The Roads We Cannot Take
My grandmother dressing in her poun for Sunday service. Lamka, Mother’s Day, 2018.
What does it mean to travel? Is it as simple as going from point A to point B? For some, it’s just movement - a mundane act, a means to an end. But for others, it is a quiet, relentless struggle. A reminder that displacement is not always about exile; sometimes, it’s about the invisible lines that turn familiar paths into battlegrounds.
For the Kuki-Zo people of Manipur, movement itself has become an act of survival. Since the escalation of ethnic clashes between the Meitei and Kuki communities in May of 2023, the Imphal airport has remained inhospitable ground for the Kuki Zo population. This is not a legal order or a political mandate, but it is common knowledge for all of us from the community. For us, the Imphal airport is a risk.
Conflict does not always announce itself with gunfire; sometimes, it is etched into the pauses we make, the roads we cannot take. Edward Said writes of exile as a fracture, as much psychological as it is physical. That is relevant here, where something as ordinary as visiting family back home becomes an exercise in endurance, a negotiation with fear.
I remember June 2023 vividly. My mother had just passed away. Though my family has lived in Delhi for years - my sisters and I were born here - Lamka was still home in many ways. It was my mother's hometown, where my grandmother remained, too frail to make the journey for the funeral. So instead, I made the trip to her. The violence had only begun a month prior, but it was already changing everything. The journey itself felt like punishment. Travel, in times of crisis, is never just about the destination. It’s about the cost - financial, emotional, and physical. It’s the gruelling 14- to 17-hour jeep ride from Aizawl, cutting through unforgiving terrain and enduring hours of rugged travel just to reach Lamka. Leaving is no easier - Rs. 3,000 to 4,000 to secure a seat in a Bolero or Sumo - pick your poison. This is a journey those from the valley rarely have to make. “A bui talu” my grandmother says when we talk about the journey. ‘Very troublesome’ would be my general estimate of a translation.
Yet, even within this chaos, there are layers of privilege. My Naga last name could get me through Imphal airport without suspicion, but my face - broad, flat-nosed, unmistakably Zo - betrays me. Identity isn't just a name on paper; it is etched into my features, turning the simple act of movement into a quiet, constant gamble. The thought of going back fills me with mind-racing anxiety.
Lamka, where the conflict first escalated, stands severed from Imphal. In quiet conversations, it becomes clear who can still pass and who can not. My grandmother once recounted how a South Indian man with a Hmar wife was advised to take the longer route through Aizawl- though nothing barred him from Imphal, the risk was understood. Even the mere thought of association carried weight, enough to alter journeys. The once-familiar route through Tipaimukh Road was no longer an option, another casualty of unseen lines redrawn overnight.

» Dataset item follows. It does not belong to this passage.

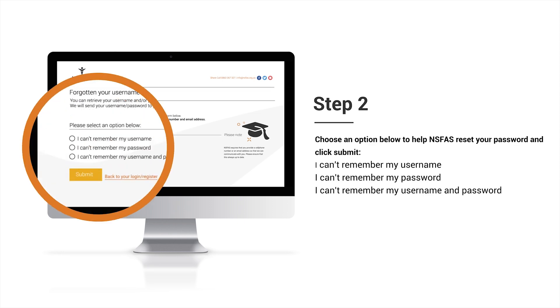Once you have entered and submitted your ID number, you will be required to choose one of the options provided and click Submit.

For many, these lines mean erasure - of home, of history, and of belonging. My grandmother always makes it a point to correct me when I say Churachandpur instead of Lamka, never explaining why, only insisting, as if the correction itself was a quiet act of resistance. Only later did I learn Churachandpur was a hillock 15 kilometers away, its name imposed in tribute to a Meitei king, while Lamka persisted, rooted in its own history. Even our town’s name carries the weight of erasure - one more reminder of who gets to write history and who is forced to live with it.

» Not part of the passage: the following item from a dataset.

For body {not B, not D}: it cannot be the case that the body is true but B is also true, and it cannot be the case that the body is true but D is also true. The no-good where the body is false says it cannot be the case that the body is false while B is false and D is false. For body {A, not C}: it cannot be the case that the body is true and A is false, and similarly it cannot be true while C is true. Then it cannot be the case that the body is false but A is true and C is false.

Kuki-Zo people who were rooted in Imphal are now scattered, their lives upended, their past reduced to fragments. Those “lucky” enough to escape carry their memories like scraps tied to places that no longer welcome them. There’s a quiet resignation in their voices when they speak of the uprooted lives and the looted homes, tragedies that, to the world, have already become background noise. Every few months, another wave of violence turns into a fleeting headline, but when does this cycle of devastation stop being news fodder and start being recognised as systemic erasure?
How long before Manipur ceases to exist as a home for the Kuki-Zo people?
My sister went home this Christmas, over a year after the violence began. By now, it’s well understood that Imphal airport is no longer an option for us. She, like many others, took the long route - Delhi to Aizawl, then the jeep ride to Lamka. A major inconvenience, we called it, as if this was something to be expected. As if the privilege to afford this ordeal dulled its indignity.
Writing this feels like peeling back layers of comfort I didn’t know I had. I have lived in Delhi my whole life, distanced from the worst effects of the conflict, and so I wonder if this is really my story to tell. But silence is heavier. If nothing else, let these words serve as a record - of stolen movement, of stolen belonging. When conflict dictates not just where we can and cannot go but whether we feel safe existing at all, it isn’t just roads that are blocked - It’s the right to call a place home.